What you have to do
Set down exactly the lines below, starting at the one that contains "Volvo TD122 Oil" and ending at the one that contains "Auch Toni Kroos", with both of those lines included and nothing else.

Records for the exercise

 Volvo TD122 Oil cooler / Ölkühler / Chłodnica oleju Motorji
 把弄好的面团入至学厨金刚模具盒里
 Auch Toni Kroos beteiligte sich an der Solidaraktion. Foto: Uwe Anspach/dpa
* * *
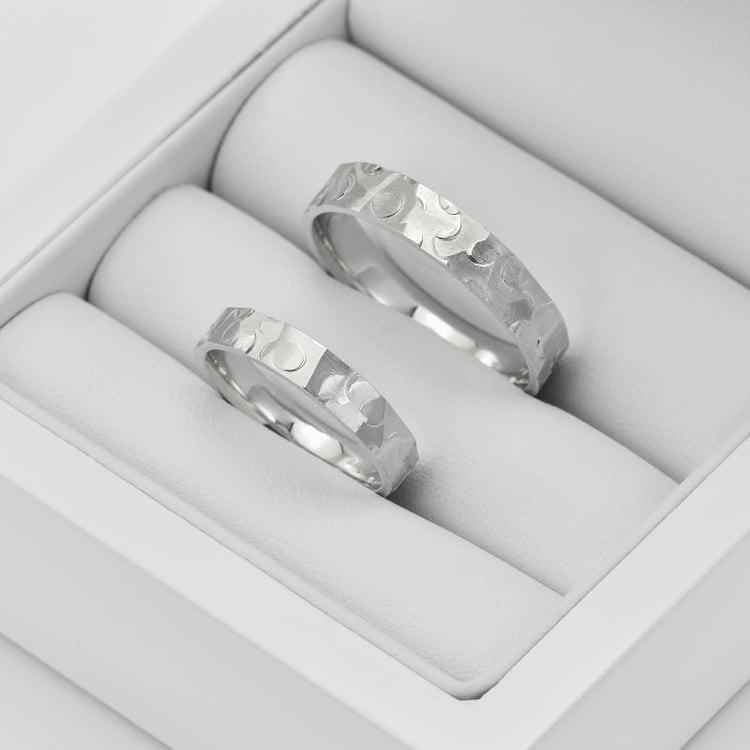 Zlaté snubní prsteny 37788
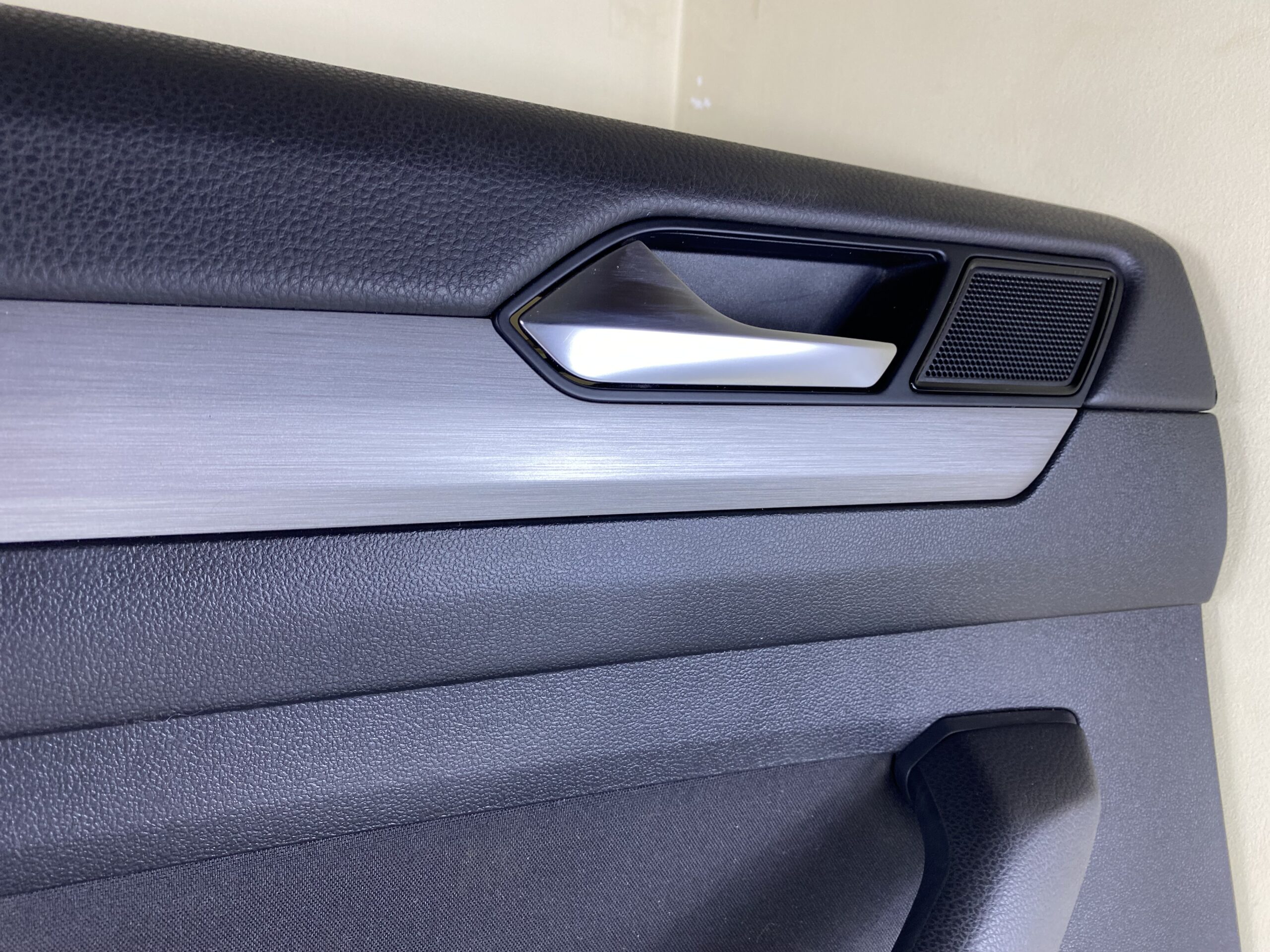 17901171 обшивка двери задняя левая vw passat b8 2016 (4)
==
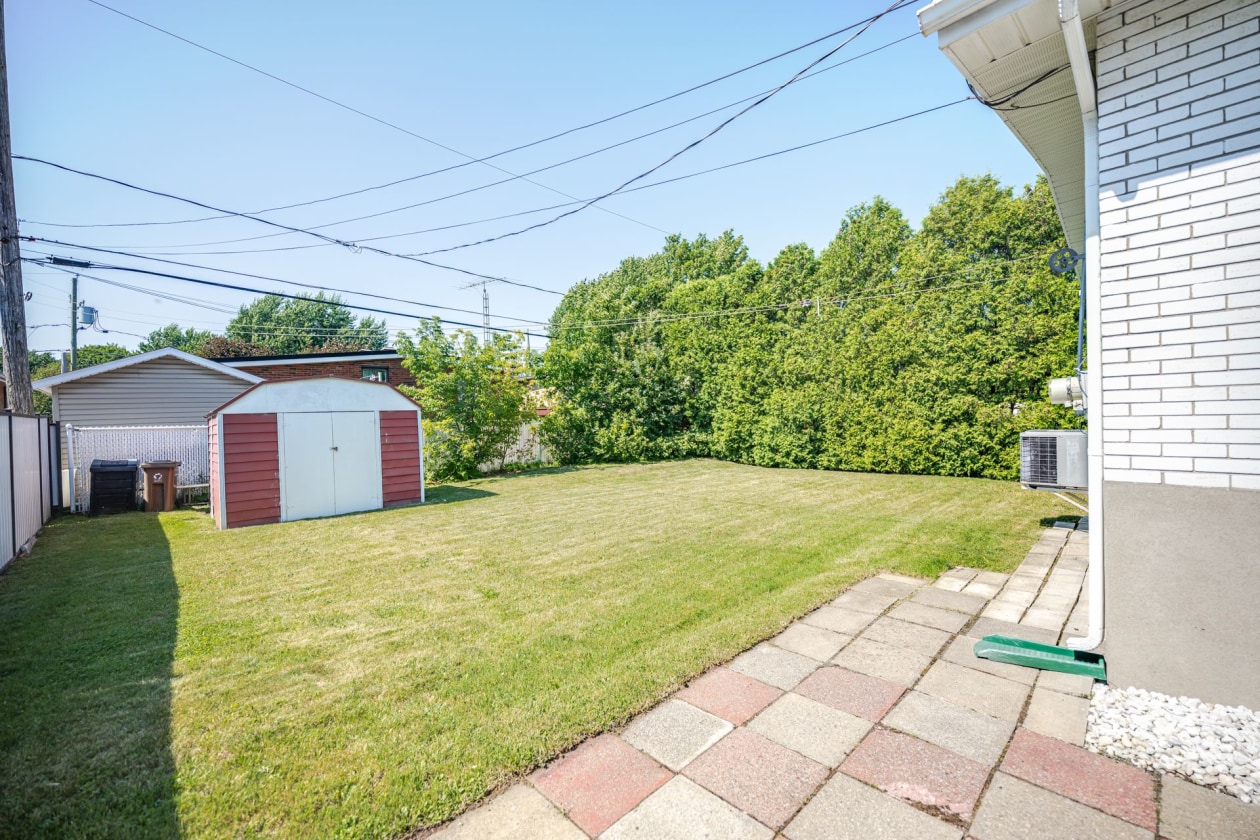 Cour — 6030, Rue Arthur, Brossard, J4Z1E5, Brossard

Response box
 Volvo TD122 Oil cooler / Ölkühler / Chłodnica oleju Motorji
 把弄好的面团入至学厨金刚模具盒里
 Auch Toni Kroos beteiligte sich an der Solidaraktion. Foto: Uwe Anspach/dpa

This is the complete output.